The researchers reported that women who selected their mates while using oral contraceptives were less sexually satisfied and less attracted to their partners than the women who formed partnerships when they were not on the pill. Indeed, women who met their partners while on the pill experienced an increase in sexual dissatisfaction as the relationship continued. Moreover, if the relationships didn’t last, the women who used hormonal contraceptives when picking their partners were more often the ones to break it off.

These same women, however, were more satisfied with the non-sexual aspects of their relationships, such as their partners’ ability to provide for the family financially, which resulted in longer-lasting relationships that were less likely to end in separation.

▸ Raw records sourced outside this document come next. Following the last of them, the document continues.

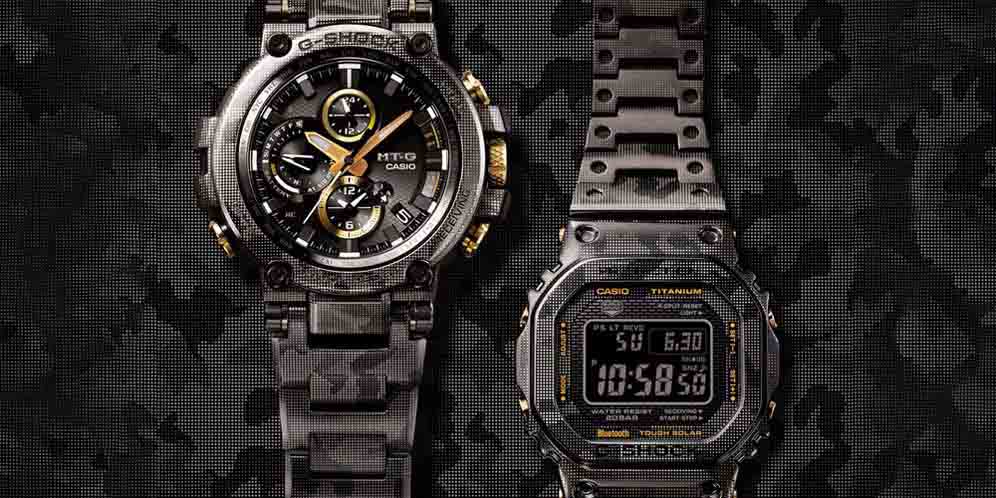 G-SHOCK Camo Ini Wajib Lo Punya!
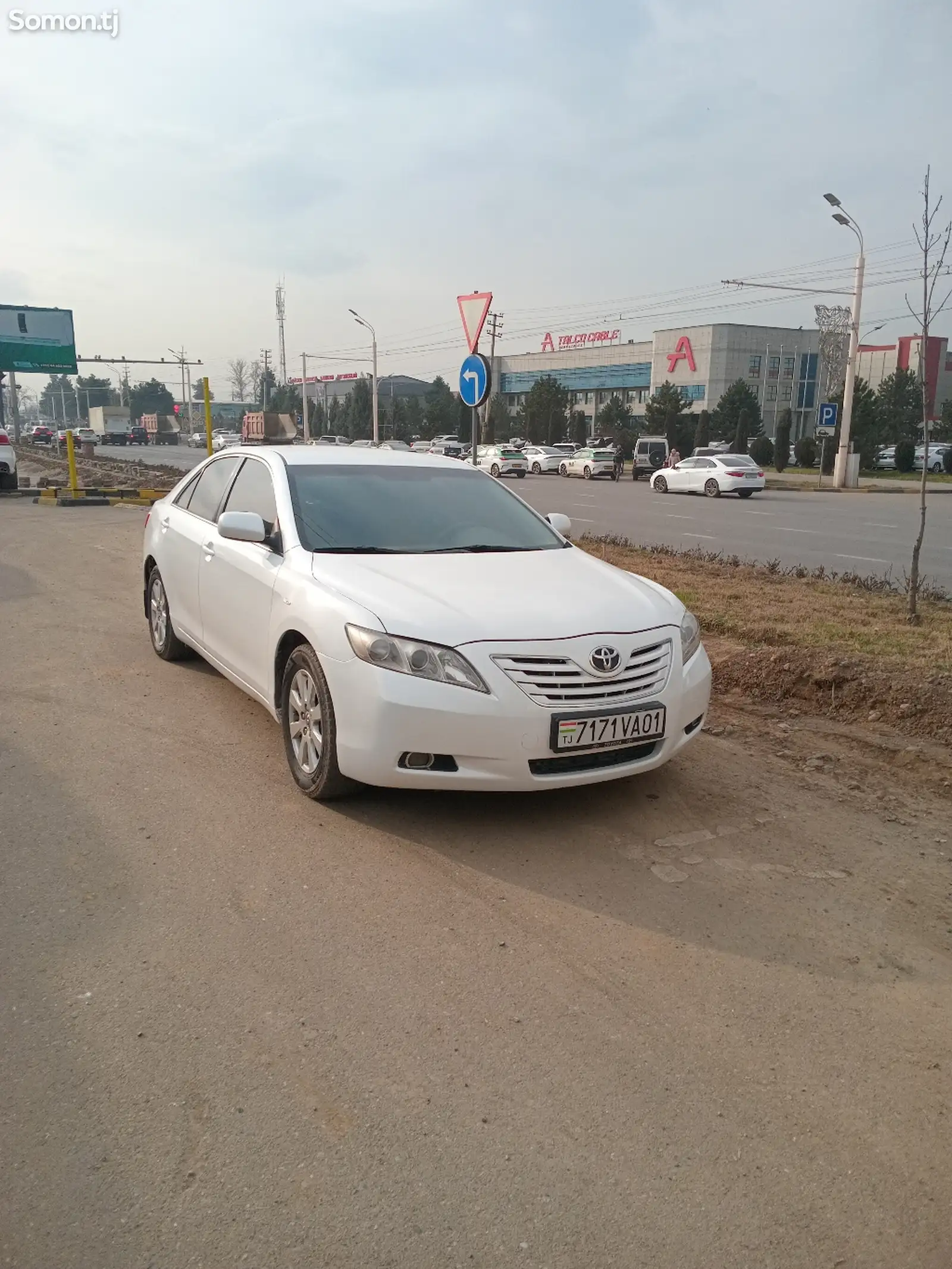 Toyota Camry, 2008-1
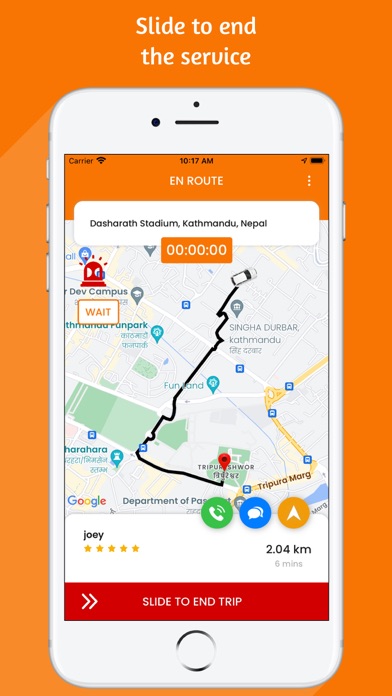 ECab Partner應用截圖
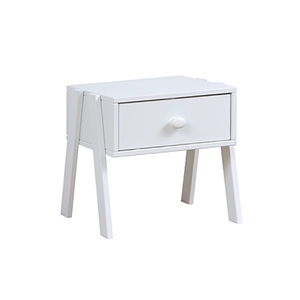 contemporary bedside table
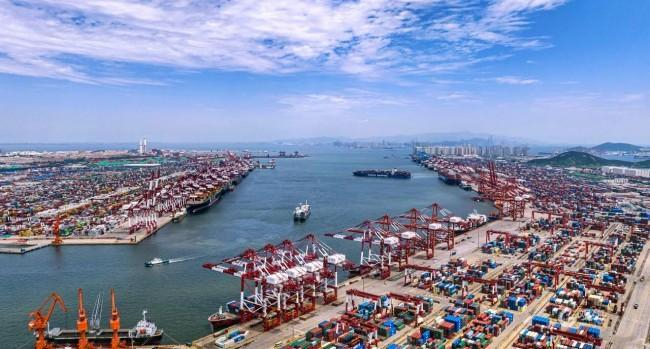 青春华章向海图强丨从“海上山东”到“山东出海”：一条价值链的全球航行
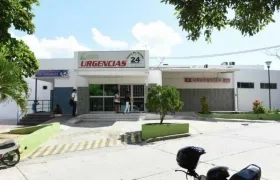 Clínica Campbell de Barranquilla.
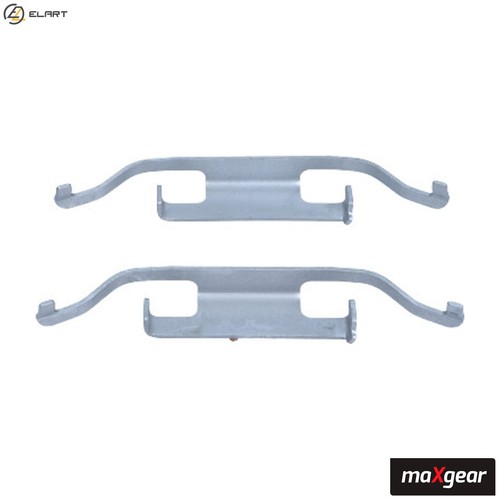 Accessory kit disc brake pad - accessory,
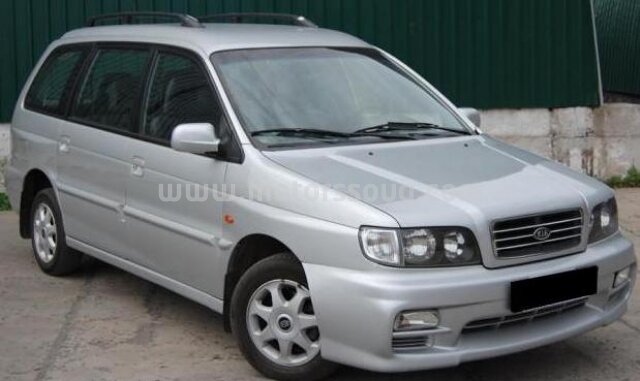 2002 KIA Carens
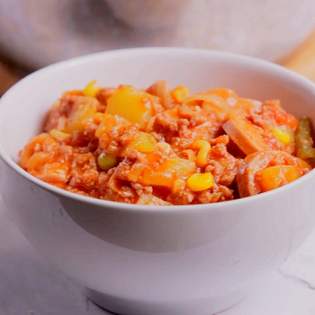Recipe preview How to make homemade Cowboy Casserole?
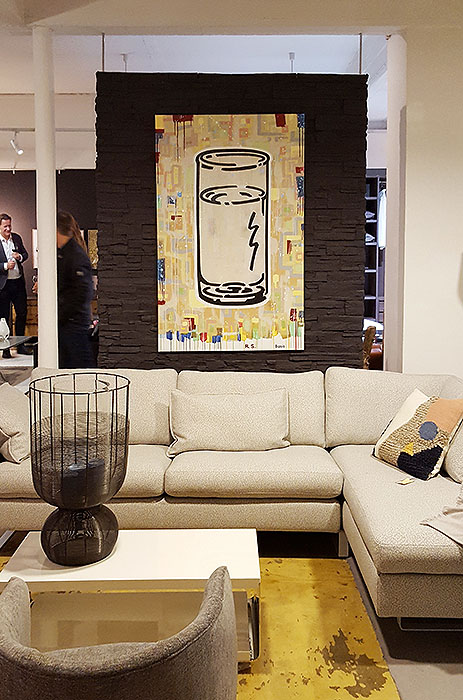 Ralf Schmidt bei Wohnforum Bülles, Dezember 2019, Duisburg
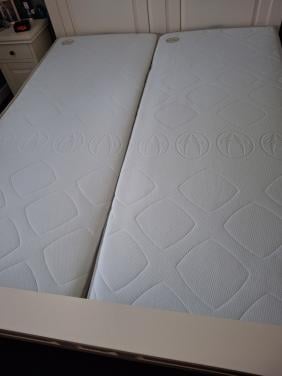 2 pocketvering matrassen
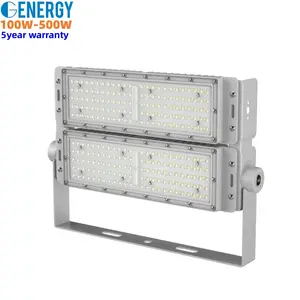 High Lumen Waterproof Ip65 Outdoor Led Flood Light 400w For Garden Yard Playground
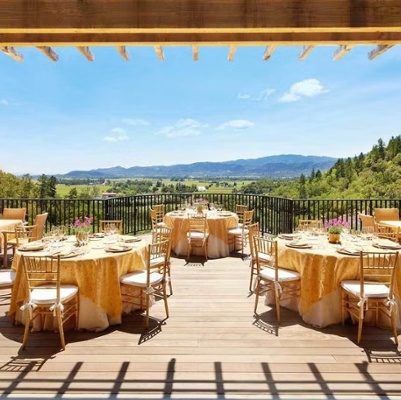 Vintner's Luncheon at^Auberge du Soleil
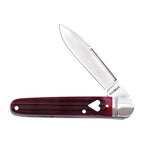 Tuckahoe Jack Red Barnboard Jigged Bone (RoseCraft Blades)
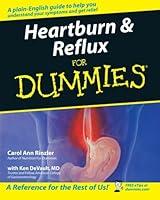 Algopix Similar Product 2 - Heartburn and Reflux For Dummies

Scientists believe these results are due to oral contraceptives’ ability to suppress a woman’s natural inclination towards masculinity or dominance while fertile. Instead, women taking the pill are content forming partnerships with men who have characteristics of “high-quality paternal investment” (read: team players) because the hormonal contraceptives mimic the low-fertility phase of the menstrual cycle.

While partnering with a team player doesn’t seem like a bad alternative, sexual dissatisfaction may eventually outweigh any positive aspects of cooperation, which is something women may want to consider.

Thoughts on Hormonal Contraceptives

It seems that more women are looking for partners that are team players, but why is this? The modern woman wants a family and a career, and partnering with a team player would be the best way to maintain sanity. On the other hand, is it possible that we are searching for cooperative partners because we are influenced by the hormonal contraceptives we rely on to help plan our lives?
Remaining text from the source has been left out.